Saving race

Racial Harmony Day

My mother was a spi­der and my father was a clown”

Because it has always been our government’s pol­icy to pay atten­tion to mat­ters of race and eth­nic­ity, our iden­tity cards and gov­ern­ment records require that we be clas­si­fied under dif­fer­ent “races”.

Both my par­ents are Chi­nese, so there doesn’t seem to be any­thing com­pli­cated about that, even if you’re not com­fort­able with the notion of “race”. But when you have chil­dren of mixed parent­age, that’s when it starts to become funny.

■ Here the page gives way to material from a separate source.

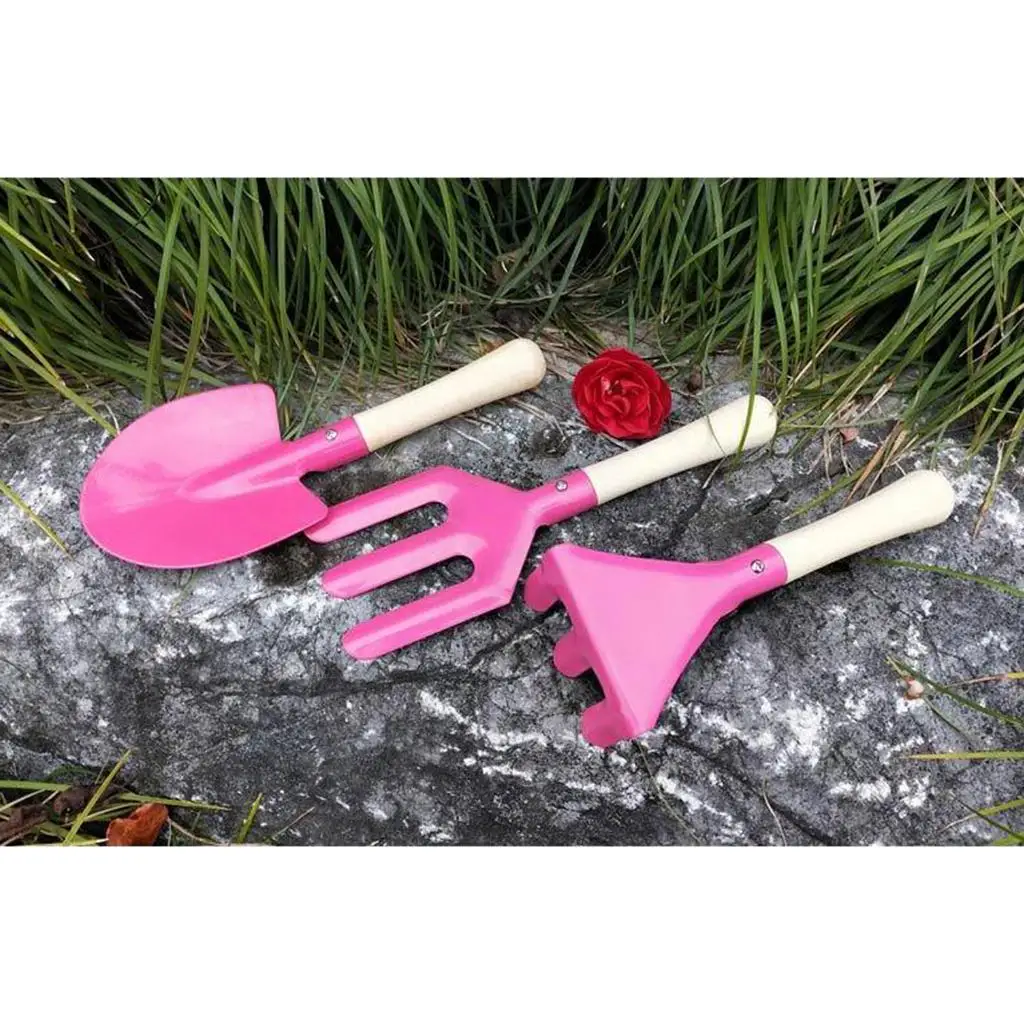 3 Stuks Kinderen Tuingereedschap, Houten Handvat Hark Shovel Vork Set, Strand Kit Voor Jongens En Meisjes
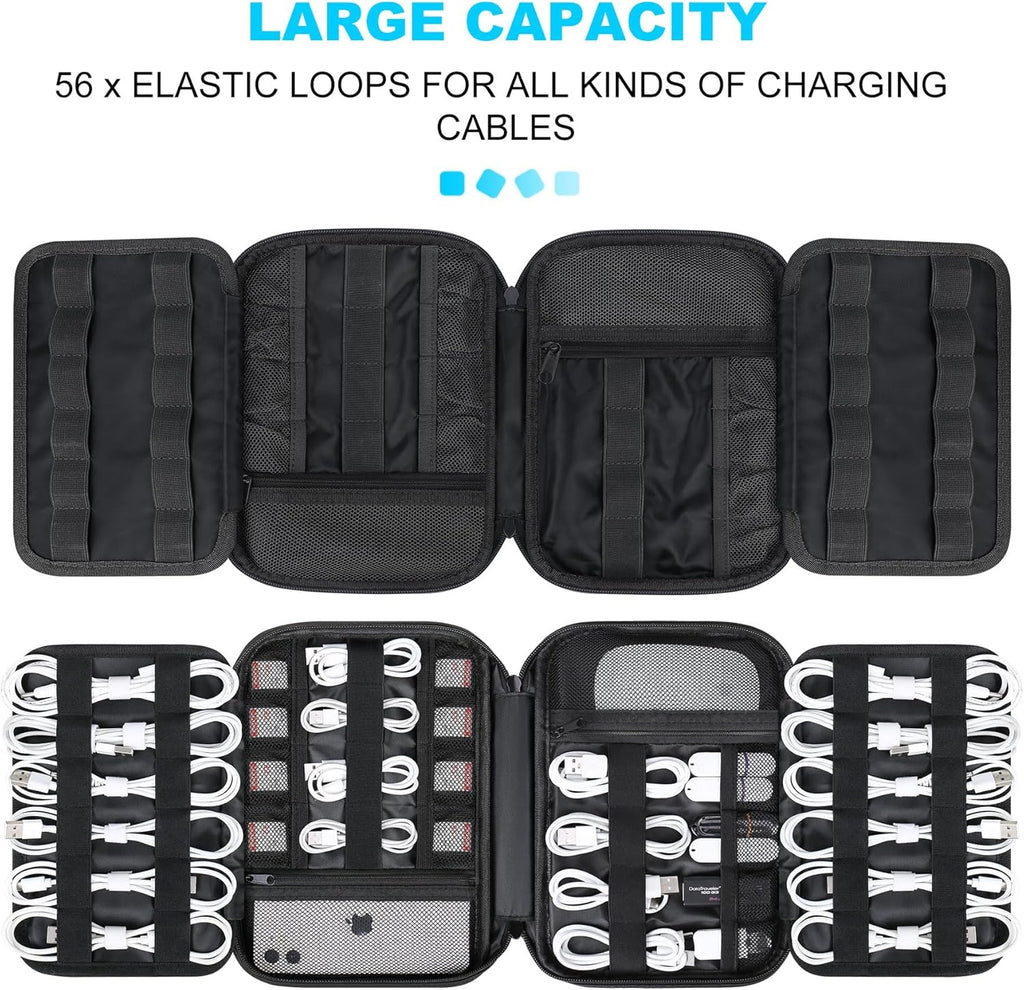 Lacdo Cord Organizer Travel, Cable Organizer Bag Case, Portable Electronics Organizer Travel Case, 6 Layer Large Capacity Charging Cords Storage organizer for Cables, SD Card, Travel Essentials, Black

On Wednes­day, an intern from The Straits Times called and stut­tered his way for five min­utes try­ing to explain to me that the ICA had changed the “by default the child’s race shall be that of the father’s” rule, and that from next year, par­ents were “free to choose their child’s race”.

I thanked the intern for this piece of infor­ma­tion, upon which he stam­mered his way for another five min­utes explain­ing that he needed me to answer a few ques­tions for a story his supervisor/journalist was writ­ing for Thursday’s Straits Times.

So I explained a lit­tle about how I had no inter­est in “chang­ing Kai’s race”, because there’s not enough space in that field to put “Chinese-Japanese-Taiwanese-Dutch”.

But maybe Beat­rice and Mark Rich­mond have a dif­fer­ent per­spec­tive. Their son Sol is clas­si­fied “Eng­lish”, because the ICA of the day con­sid­ered Grandpa Brian’s “race”, “English”.

And of course, we should have every con­fi­dence that the new scheme has been really well thought out and pre­cludes the pos­si­bil­ity of par­ents rort­ing the sys­tem for their child to obtain State ben­e­fits from Sinda and Men­daki, and that there won’t be a surge in the num­ber of Malay-Indian children.